The Sunflowers at Jello Mold Farm
October 15, 2013
I thought the sunflowers at Jello Mold Farm were deserving of their own post, too. Usually I think of sunflowers as loud and brash and bold, but I was captivated by their softness on this photographic outing. Maybe this was reflective of my inner softening at the lateness of the season. Or it may have been the diffused light under the plastic greenhouse covering. Regardless, I was pleased with my photos. Here they are:
The Sunflowers
by Mary Oliver from New and Selected Poems
Come with me
into the field of sunflowers
Their faces are burnished disks,
their dry spines
creak like ship masts
their green leaves,
so heavy and many,
fill all day with the sticky
sugars of the sun.
Come with me
to visit the sunflowers,
they are shy
but want to be friends;
they have wonderful stories
of when they were young —
the important weather,
the wandering crows.
Don’t be afraid
to ask them questions!
Their bright faces,
which follow the sun,
will listen, and all
those rows of seeds —
each one a new life! —
hope for a deeper acquaintance;
each of them, though it stands
in a crowd of many,
like a separate universe,
is lonely, the long work
of turning their lives
into a celebration
is not easy. Come
and let us talk with those modest faces,
the simple garments of leaves,
the coarse roots of the earth
so uprightly burning.
October 15, 2013 at 8:10 am
Wonderful Photos Wonderful flowers and poems.
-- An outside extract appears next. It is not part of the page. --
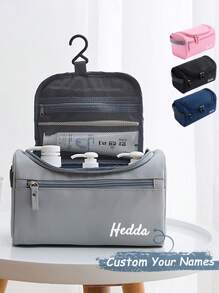 1pc Custom Name Toiletry Bag Personalised Monograms Travel Bag For Women Men Customized Hanging Cosmetic Organizer Water Resistant Makeup Bag For Accessories Toiletries Medium Size Large Capability Travel Essentials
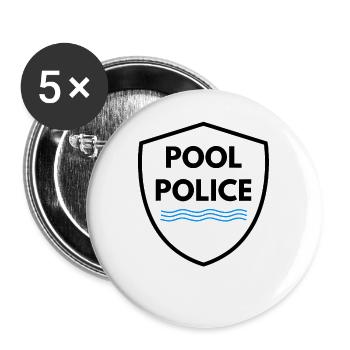 Pool Police Lifeguard Swimming Funny - Buttons large 2.2'' (5-pack) - white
October 15, 2013 at 8:51 am
Oh, you manage to convey them as almost ethereal! I do love the last one in particular–what a mood!
October 15, 2013 at 3:06 pm
I love your pictures. You do such a wonderful job framing
October 16, 2013 at 5:24 am
I love this poem. I had it put aside for my own sunflower montage, now I shall locate another! 😀
I finally got out the watercolor and used my fingers! I tried to do some maple helicopters. Uhm, at least one can tell what they are!! I also used a very very small brush and did some lavendar, three people knew what it was!! I still think that I am trying to be too literal. Geoffrey wishes me to simple work on washes and to play with water content and with HOW I get the paint to the surface–he didn’t laugh when I said with my fingers nor with a rag. He suggested adding sponges, fan brushes, normal quarter inch paint brush, etc.
I am off on my own excursion with acorns and playing with photographic art. I’ve been working on them since your birthday present to your daughter posting.
October 16, 2013 at 8:30 am
I like your experimental approach. I am too literal right now, but I believe that, in time, I will evolve into a different style.